_PROVIDED MATERIAL_
■ ■ ■
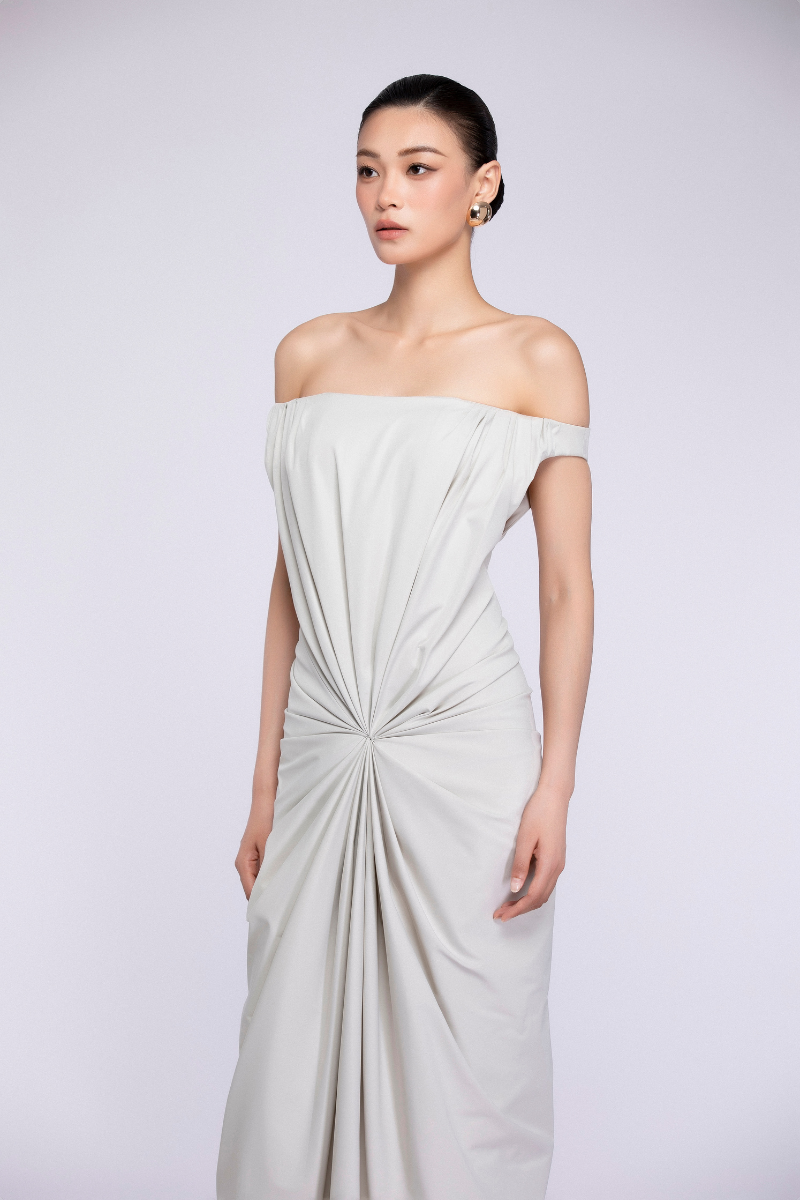 Ivory TONYY maxi dress with flowing fabric and sleeveless design, stylish for casual or formal occasions.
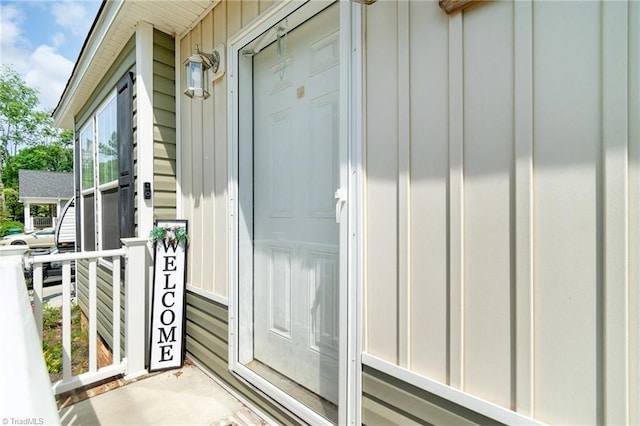 view of exterior entry featuring board and batten siding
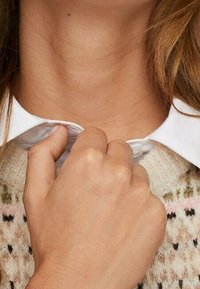 Camicia bianca con colletto parzialmente abbottonato, con una mano che stringe il colletto. Sullo sfondo si vede un indumento lavorato a maglia con motivi pastello.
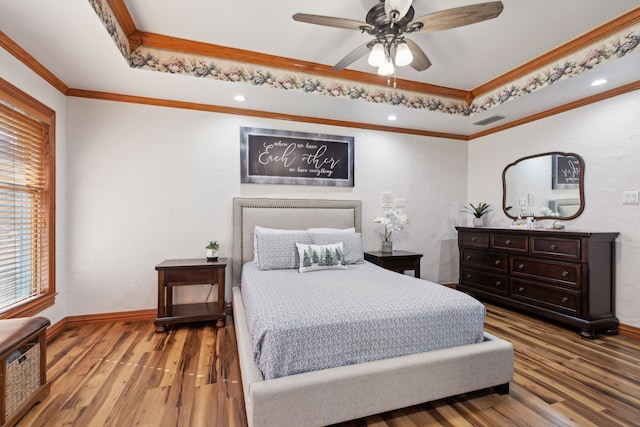 bedroom with hardwood / wood-style floors, ceiling fan, ornamental molding, and a tray ceiling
■ ■ ■
_REQUIRED ACTION_
Transcribe each line of the material above verbatim, but do not include the images.

_FINAL ANSWER_
 Ivory TONYY maxi dress with flowing fabric and sleeveless design, stylish for casual or formal occasions.
 view of exterior entry featuring board and batten siding
 Camicia bianca con colletto parzialmente abbottonato, con una mano che stringe il colletto. Sullo sfondo si vede un indumento lavorato a maglia con motivi pastello.
 bedroom with hardwood / wood-style floors, ceiling fan, ornamental molding, and a tray ceiling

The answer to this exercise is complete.